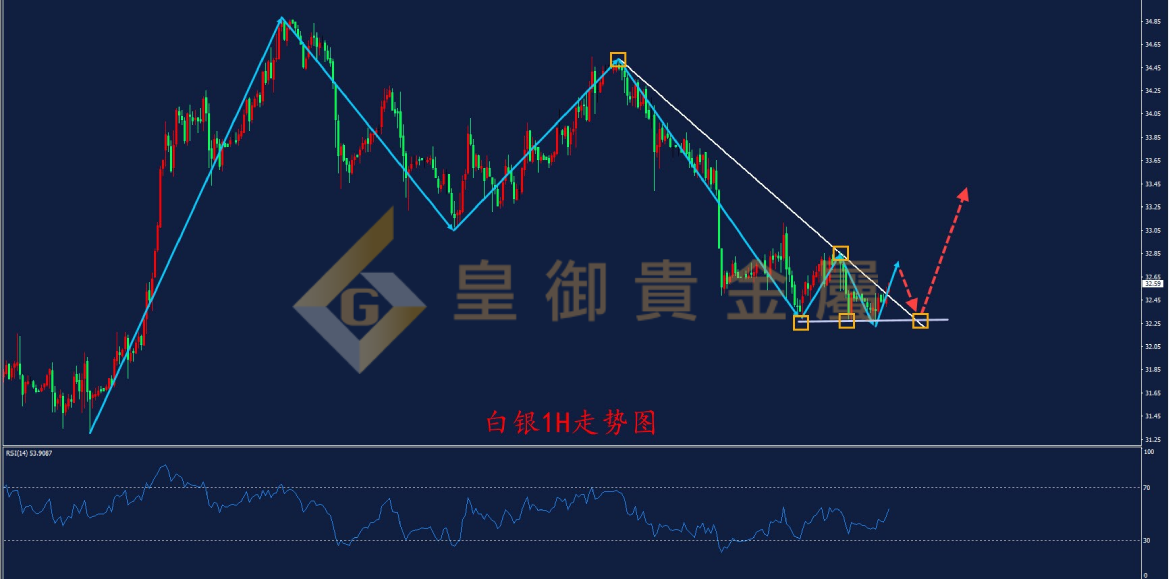 皇御白银走势图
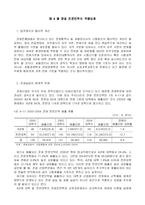 [호텔법규] 관광종사원 역량강화 -관광 종사원 자격증 제도의 법적 문제점을 중심으로-15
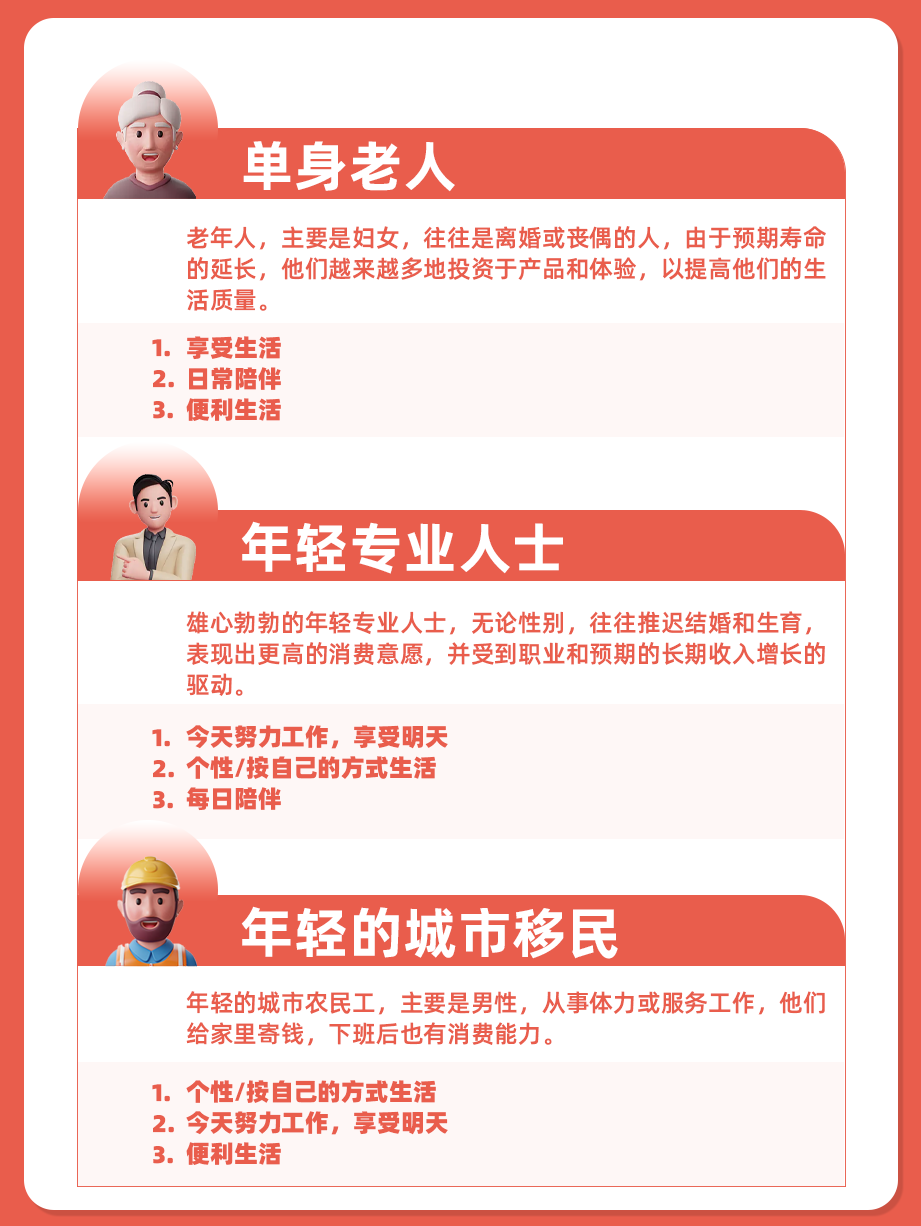 Lazada 东南亚单身群体消费报告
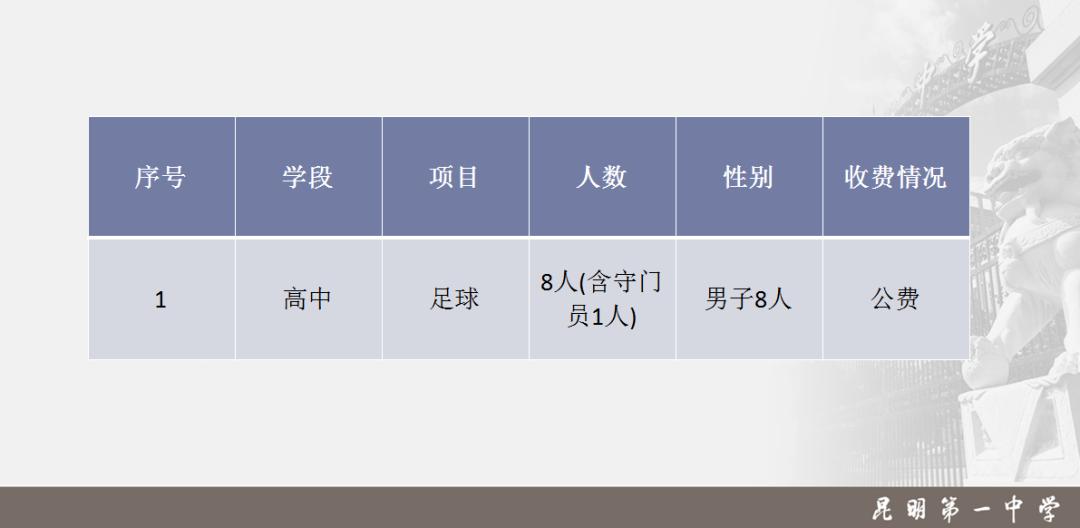 昆明市体考网招生公示,昆明体网招生简章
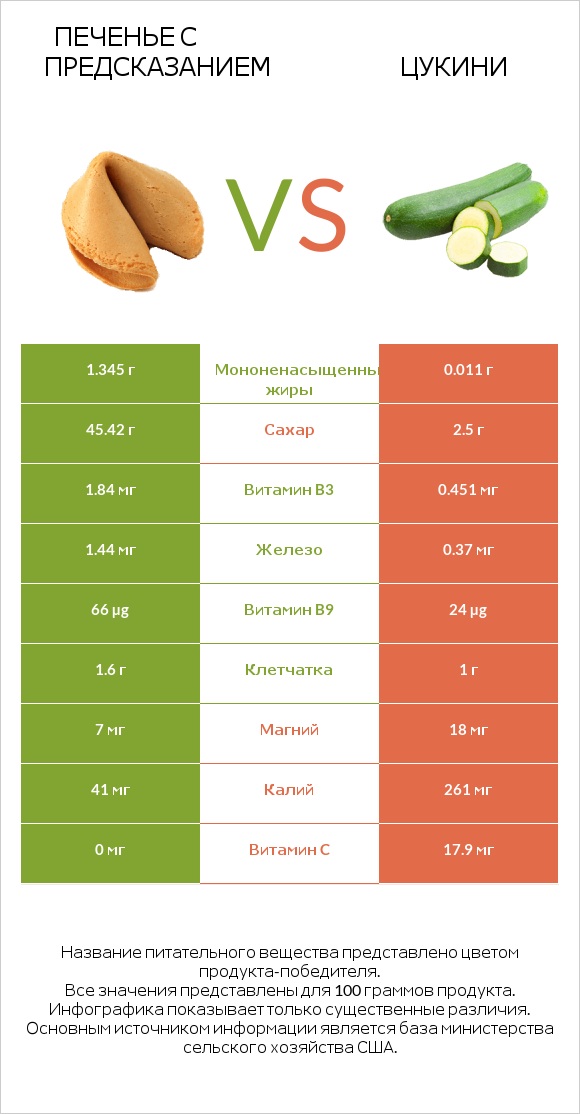 Печенье с предсказанием vs Цукини infographic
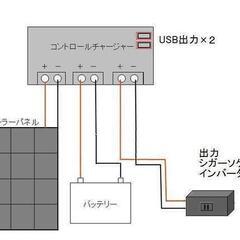 停電、緊急時に　太陽光発電キット15000円　ソーラーパネル　バッテリー　充電コントローラー　の画像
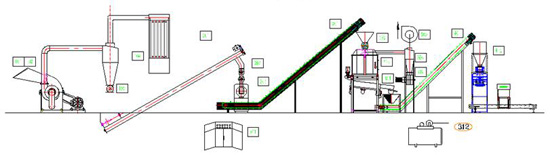 biomass pellet production line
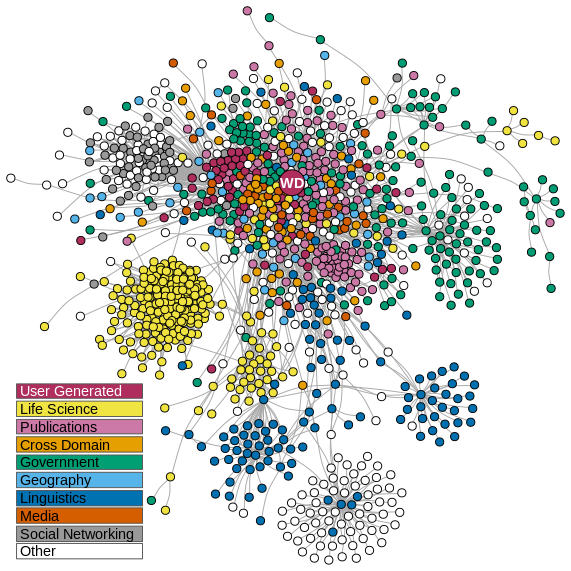 Linked Data: An Intensive Introduction by Terhi Nurmikko-Fuller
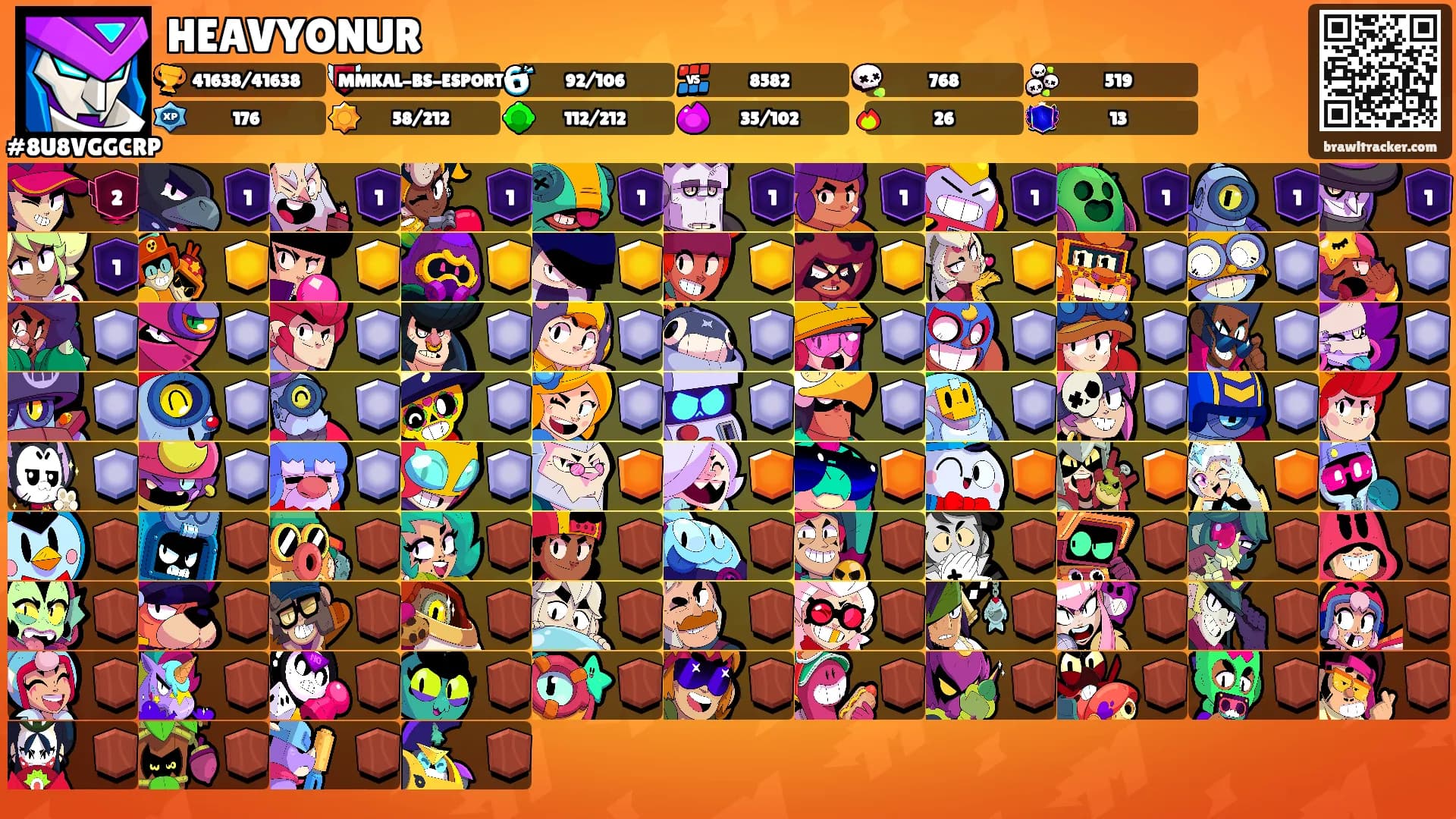 HEAVYONUR's Ranks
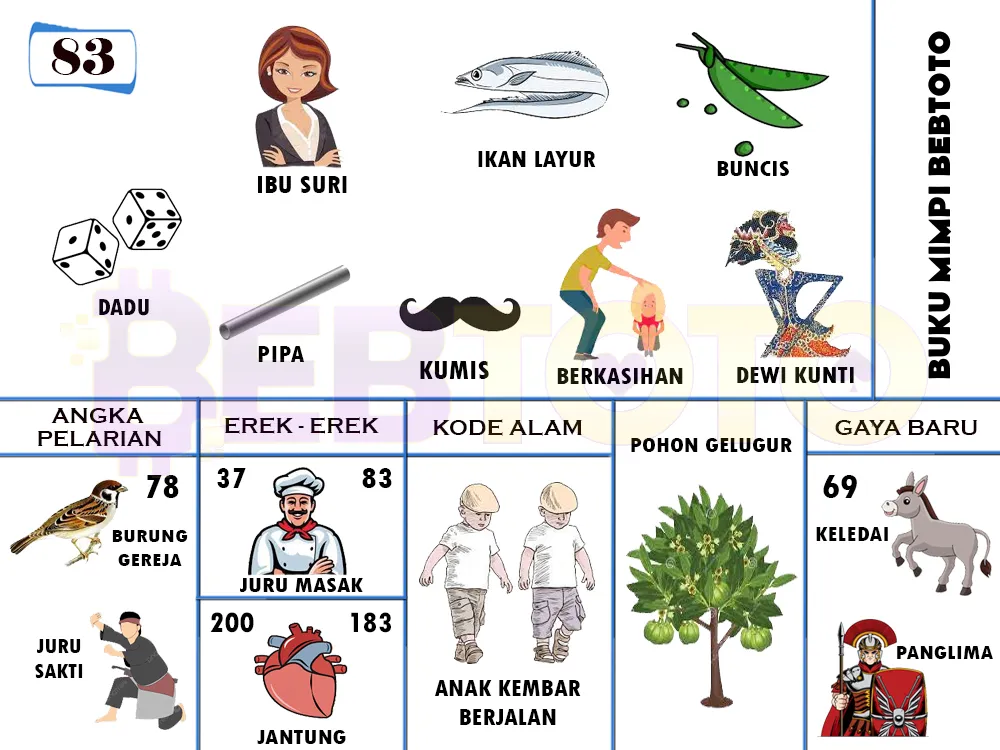 buku mimpi erek erek togel 83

........

◆ **How to complete this task**:
Write every entry out again exactly, dropping the pictures.

◆ **Solved exercise**:
 皇御白银走势图
 [호텔법규] 관광종사원 역량강화 -관광 종사원 자격증 제도의 법적 문제점을 중심으로-15
 Lazada 东南亚单身群体消费报告
 昆明市体考网招生公示,昆明体网招生简章
 Печенье с предсказанием vs Цукини infographic
 停電、緊急時に　太陽光発電キット15000円　ソーラーパネル　バッテリー　充電コントローラー　の画像
 biomass pellet production line
 Linked Data: An Intensive Introduction by Terhi Nurmikko-Fuller
 HEAVYONUR's Ranks
 buku mimpi erek erek togel 83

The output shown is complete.